I spent almost 2 months just to collect the data to be used for my research. It is because I am doing the fine grained emotion by following Robert Plutchik Wheel of Emotions (Fear, Anger, Sadness, Joy, Disgust, Trust, Surprise, Anticipation, ) and not just only the sentiment polarity. Hence it become one of the bigger challenge for me to obtain the dataset can be used. After few months of tried and error I decided to build my of datasets.
Prelabeled datasets are the dataset already labelled or annotated, some of it are the research data from other researchers. and some of them are from Semantic Evaluation Conference 2018 and 2019
a) Sentiment Analysis in Text is the dataset published by Crowd Flower (or Appen) in Nov 2016 on data world. It has total 13 emotions. link
b) Emotion Stimulus Data (also known as Emotion Cause), this dataset is published by Diman Ghazi (Ghazi et al. 2015) for 16th International Conference on Intelligent Text Processing and Computational Linguistics (CICLing 2015) in Cairo, Egypt. It has 7 emotions. link
c) International Survey on Emotion Antecedents and Reasons (ISEAR) has total 7,666 instances with 7 emotions. This dataset was created by using questionnaires about the experiences and reaction for those 7 emotions, total 1,096 participants from different culture background. This dataset is generated by R. Scherer (Scherer & Wallbott 1994). Saif M. Mohammad from National Research Council Canada (Mohammad et al. 2018) generated this dataset from English, Arabic and Spanish tweets. link
d) SemEval 2018 Task 1 - Affect in Tweets. This dataset is provided by Saif M. Mohammad for the Sematic Evaluation Conference 2018 task 1 hosted in New Orleans, LA. It has 4 emotions only with total 8,640 instances. link
e) SemEval 2019 Task 3 - Contextual Emotion Detection in text is the dataset for a shared task for International Workshop on Semantic Evaluation 2019 (SemEval-2019). The topic of the task is regarding Contextual Emotion Detection in Text. It has total 15,000 instances with 3 emotions. link
f) SMILE Twitter dataset contains 3,085 tweets and 5 motions label. This dataset was published in April 2016 and it was collected between May 2013 to June 2015. The tweets collected are about the emotions that expressed on twitter towards art and cultural experiences in British Museums. This project is funded by AHRC (Arts and Humanities Research Council) UK. link
All 6 set of datasets are then cleaned by text pre-processing with 6 sub tasks to remove the noise etc. Due to the original label or emotion for each prelabeled dataset are not exactly align with the Robert Plutchik’s. Hence the emotion label are remap again by using Python Pandas as shown in Figure 2 below. For example remap the tweet for “Worry” to “Fear” or “Happy” to “Joy”

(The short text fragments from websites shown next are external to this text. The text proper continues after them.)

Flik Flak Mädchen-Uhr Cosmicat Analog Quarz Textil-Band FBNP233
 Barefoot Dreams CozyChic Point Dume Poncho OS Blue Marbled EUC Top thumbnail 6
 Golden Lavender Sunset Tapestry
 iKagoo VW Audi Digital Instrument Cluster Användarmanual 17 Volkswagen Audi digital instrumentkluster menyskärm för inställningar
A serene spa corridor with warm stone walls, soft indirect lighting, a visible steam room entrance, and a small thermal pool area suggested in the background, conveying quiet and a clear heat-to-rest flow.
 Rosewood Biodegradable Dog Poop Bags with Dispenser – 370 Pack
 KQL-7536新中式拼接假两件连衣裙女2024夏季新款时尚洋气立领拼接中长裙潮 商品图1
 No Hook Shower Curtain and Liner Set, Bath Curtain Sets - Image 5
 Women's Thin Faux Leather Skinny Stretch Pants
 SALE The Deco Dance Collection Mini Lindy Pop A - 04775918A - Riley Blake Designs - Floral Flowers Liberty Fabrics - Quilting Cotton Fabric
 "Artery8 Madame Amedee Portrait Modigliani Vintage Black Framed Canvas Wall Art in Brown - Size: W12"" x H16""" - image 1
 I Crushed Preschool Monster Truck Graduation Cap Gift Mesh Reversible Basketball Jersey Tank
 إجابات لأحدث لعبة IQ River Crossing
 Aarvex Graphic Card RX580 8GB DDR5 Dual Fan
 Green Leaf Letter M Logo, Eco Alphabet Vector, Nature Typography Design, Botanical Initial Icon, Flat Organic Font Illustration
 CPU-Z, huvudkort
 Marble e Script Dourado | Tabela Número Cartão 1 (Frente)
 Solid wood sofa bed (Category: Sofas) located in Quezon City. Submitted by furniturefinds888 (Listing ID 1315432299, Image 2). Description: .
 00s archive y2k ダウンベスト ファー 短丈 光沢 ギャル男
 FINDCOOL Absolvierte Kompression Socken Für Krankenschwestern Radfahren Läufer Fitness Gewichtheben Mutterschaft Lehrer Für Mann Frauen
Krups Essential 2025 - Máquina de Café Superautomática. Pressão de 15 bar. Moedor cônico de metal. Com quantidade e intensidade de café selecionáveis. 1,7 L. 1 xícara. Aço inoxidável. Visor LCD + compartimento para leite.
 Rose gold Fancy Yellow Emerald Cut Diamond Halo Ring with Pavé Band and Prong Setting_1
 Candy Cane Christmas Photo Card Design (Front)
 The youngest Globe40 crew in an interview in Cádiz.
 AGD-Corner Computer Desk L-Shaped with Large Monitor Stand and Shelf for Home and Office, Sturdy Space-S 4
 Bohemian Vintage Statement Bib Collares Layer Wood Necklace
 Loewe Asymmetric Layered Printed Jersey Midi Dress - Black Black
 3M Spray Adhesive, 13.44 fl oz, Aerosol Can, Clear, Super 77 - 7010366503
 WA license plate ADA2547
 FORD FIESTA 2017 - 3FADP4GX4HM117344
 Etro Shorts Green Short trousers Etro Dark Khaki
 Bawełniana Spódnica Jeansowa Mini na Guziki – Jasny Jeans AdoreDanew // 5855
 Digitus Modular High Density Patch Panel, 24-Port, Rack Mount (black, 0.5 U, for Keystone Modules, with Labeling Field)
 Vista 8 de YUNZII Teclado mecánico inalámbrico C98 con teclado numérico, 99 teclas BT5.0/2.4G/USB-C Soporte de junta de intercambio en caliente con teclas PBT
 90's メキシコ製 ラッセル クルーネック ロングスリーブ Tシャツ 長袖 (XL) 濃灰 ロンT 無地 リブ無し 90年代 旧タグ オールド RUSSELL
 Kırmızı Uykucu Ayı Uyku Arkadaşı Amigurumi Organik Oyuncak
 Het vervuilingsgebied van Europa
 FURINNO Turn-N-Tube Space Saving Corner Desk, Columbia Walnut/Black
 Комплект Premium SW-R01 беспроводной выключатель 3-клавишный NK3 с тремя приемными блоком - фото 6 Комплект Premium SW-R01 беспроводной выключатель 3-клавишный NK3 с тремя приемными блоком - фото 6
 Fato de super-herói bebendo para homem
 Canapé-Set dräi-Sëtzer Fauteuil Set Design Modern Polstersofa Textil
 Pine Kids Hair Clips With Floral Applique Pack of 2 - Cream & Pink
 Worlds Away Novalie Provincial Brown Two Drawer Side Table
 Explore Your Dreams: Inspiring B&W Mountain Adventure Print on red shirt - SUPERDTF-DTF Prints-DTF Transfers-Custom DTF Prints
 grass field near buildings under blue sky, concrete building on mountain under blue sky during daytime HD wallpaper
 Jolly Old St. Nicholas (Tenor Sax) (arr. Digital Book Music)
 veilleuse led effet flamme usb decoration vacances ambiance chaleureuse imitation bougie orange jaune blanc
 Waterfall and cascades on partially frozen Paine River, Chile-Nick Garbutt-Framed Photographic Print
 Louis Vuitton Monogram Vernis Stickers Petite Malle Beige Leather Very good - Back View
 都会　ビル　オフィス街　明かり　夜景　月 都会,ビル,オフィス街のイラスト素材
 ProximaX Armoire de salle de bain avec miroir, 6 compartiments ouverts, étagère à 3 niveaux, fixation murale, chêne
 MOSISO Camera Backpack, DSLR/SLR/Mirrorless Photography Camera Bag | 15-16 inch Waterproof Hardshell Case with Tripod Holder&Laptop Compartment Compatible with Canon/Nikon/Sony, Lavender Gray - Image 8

Simple assessments were done on the dataset by simple ML (Naïve Bayes, SVN, Linear) and word embedding (COW, TF-IDF) tested on each dataset and the performance are compared. Figure 3 below show a simple and quick test on the each dataset.
From the result, the dataset (a) and (f) are not good compare to other datasets like (b, c, d, and f). Hence, only b, c, d, and e dataset are kept and the detail of each dataset show in the Figure 4 below.
At this stage, the based training data is build. However it cannot be stopped here because it is still not sufficient. It is because this dataset class imbalance where only 2 emotions (Anger and Sadness) are around 8,000. Another reason is this dataset is not exactly related to Black Lives Matter or Social Movement. Hence the additional data related to the research topic need to be added to the based dataset to enrich it.
Raw Data or EmoLex Labeled Dataset
4 raw or unlabeled dataset are downloaded from various sources and also by GetOldTweet Twitter API with keyword #BackLivesMatter. those 4 dataset gone through the same process (data cleaning) then EmoLex Lexicon is used to label the data. EmoLex is Corpus based lexicon with a list of keyword. I wrote python code to match the word with the tweets and count the number of occurrence and assign the emotion intensity. and Figure 5 is the dataset information.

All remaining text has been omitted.